Court Of Appeal Dismisses Public Employees’ Claims Against The City Of Los Angeles Based On Alleged Vested Pension Rights


On October 29, 2014, the Second District Court of Appeal granted a petition for writ of mandate filed by AALRR on behalf of the City of Los Angeles and in doing so ordered that the trial court should dismiss the lawsuit against the City.

In City of Los Angeles v. Superior Court for the County of Los Angeles, (Case No. B256118), the plaintiffs filed a class action lawsuit on behalf of current and former employees of the City and participants in the Los Angeles City Employee Retirement System (“LACERS”), challenging an increase in the employees’ personal pension contribution rate from 6% of the employees’ salary to 7% of the employees’ salary.  The increase was negotiated in a bilateral Letter of Agreement between the City and its employee unions as part of the City’s efforts to reduce payroll costs in response to the 2008 fiscal crisis.  The cash flow generated by the increase was used to provide long term employees with incentives to retire early.

The lawsuit alleged that by increasing the pension contribution rate, the City violated the California and U.S. Constitution’s prohibition against legislation that impairs vested contract rights.  The lawsuit initially alleged that the pension contribution rate could not be raised without the City providing an equal and comparable advantage back to the employees.  After AALRR was successful in convincing the trial court that the City’s Charter and Administrative Code did not provide any such vested rights, the employees then alleged that it was the City’s use of the funds to pay for the costs of the early retirement program that violated the constitutional provisions.

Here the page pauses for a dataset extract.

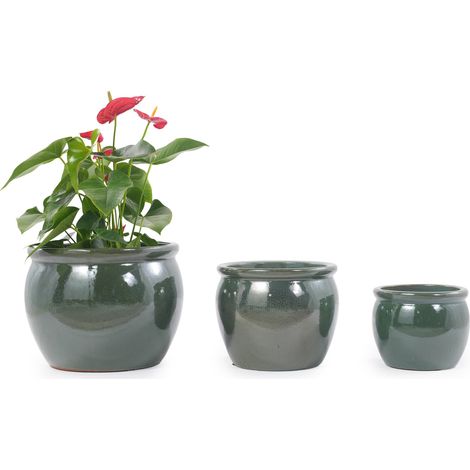 CHICFURN Maceta de cerámica Ø 23 cm azul verdoso brillante, para interior y ventana (1/5)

AALRR, on behalf of the City, challenged the lawsuit in a succession of demurrers, arguing that  the City’s Charter and Administrative Code did not create vested pension rights of the type alleged by the lawsuit.  The City also argued that the Meyers Milias Brown Act (“MMBA”) barred the lawsuit since the pension rate increase was agreed to by a coalition of unions representing the Plaintiffs and was subsequently ratified by the union members.  The trial court overruled the City’s objections and ruled that the Plaintiffs could go forward with their claims.  As a result, the City filed a petition for writ of mandate with the Court of Appeal.

The Second District Court of Appeal granted the writ and ordered the trial court to dismiss the Plaintiffs’ claims without leave to amend.  The Court relied on the principle that “it is elementary that there can be no impairment of a contract by a change thereof effected with the consent of one of the contracting parties.”  (San Bernardino Public Employees Assn. v. City of Fontana (1998) 67 Cal.App.4th 1215, 1223; Mulcahy v. Baldwin (1932) 216 Cal. 517, 525.)  As a matter of law, Plaintiffs are bound by the terms of their collective bargaining agreement and they cannot use a lawsuit as a vehicle to attack the pension changes negotiated and agreed to by their own unions.  The Court noted that “ndeed, the process of government contracting would grind to a halt if mutually agreed-upon change orders were considered unconstitutional impairments of prior contracts.”

The Court then went on to reject Plaintiffs’ argument that the use of the funds from the 1% increase in the pension contribution rate was illegal because it amounted to a “diversion” of the employee’s money to pay for the early retirement program.  As argued by AALRR, the Court noted that all of the employee’s pension contributions vest immediately, earn interest, and are transferrable if the employee leaves his or her employment.  Thus, the use of the funds was not clearly not contrary to law and the Letter of Agreement could not be challenged on that basis.

This decision directly impacts thousands of City employees who participate in the LACERS retirement program, and provides important guidance to many other cities and public agencies that pattern their own pension programs and employment practices after the City’s.  The important public policies behind the MMBA – the resolution of labor disputes in the public sector and the enforceability of concessions such as made here as a product of labor negotiations – would have been stymied if employees were allowed to contest in the courts the agreements reached by their union and subsequently ratified by the City.

Irma Rodriguez Moisa, Nate Kowalski, Paul G. Szumiak, and Jennifer D. Cantrell, handled the lawsuit on behalf of the City.  For more information about this case please contact one of the authors above.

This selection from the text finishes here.